I think the day was cursed, to begin with. We should have known the day wasn’t going our way when one of the coaches clonked a tree in Kings Park on the way in, damaging a wing mirror, and required a replacement bus be sent from Weymouth!

Team news filtered through just outside Leicester. On paper, it seemed a back 3 of Mepham, Cook and Ake, with Fraser and Smith as wing-backs. This was certainly one of the options bandied around, and one I liked the look of. The front 3 of Fraser, Wilson and King hadn’t quite got firing yet this season, but perhaps this was the day?

Then to throw us a curveball, the team came out for kick-off and seemed to line-up more in a 4-4-2 with Ake at left-back.

The game started fairly brightly for the Cherries, who enjoyed a bit of possession in the Leicester half without really causing problems but easing our way into the game. To me the formation was interesting if a bit confused, it seemed to fluidly move between a back 4 and a back 3, depending on whether we had possession or not. A back 4 with Ake and Smith pushing forwards when we had possession, then a back 5 with Ake tucking inside allowing Fraser to cover the left flank when Leicester were coming at us.
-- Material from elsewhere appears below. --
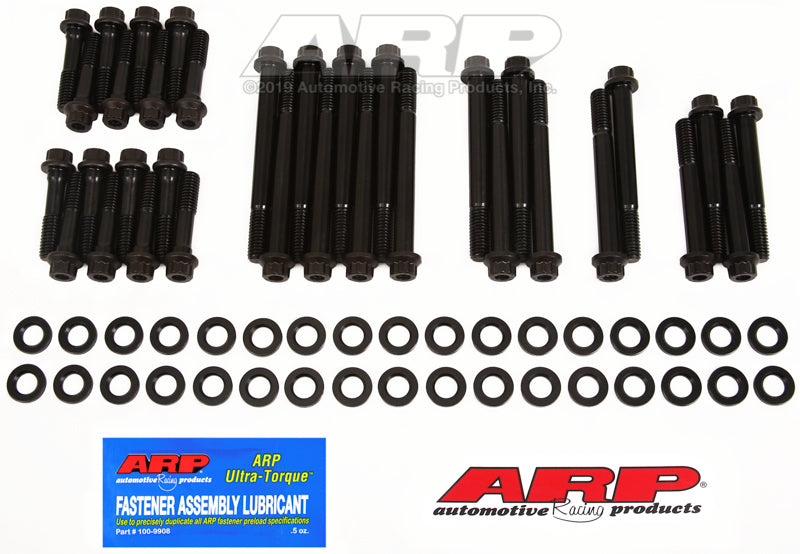 ARP SB Chevy 18° hi-port head bolt kit - 234-3708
This kind of tactical fluidity is great when it works, and there’s logic to it in helping us cover slightly vulnerable full-back areas. And all of Howe’s best football down the years has been played in tactically fluid shapes. I can definitely see what Eddie was going for. However… it does require the players to be confident and well understanding of everyone else’s movements for it to work.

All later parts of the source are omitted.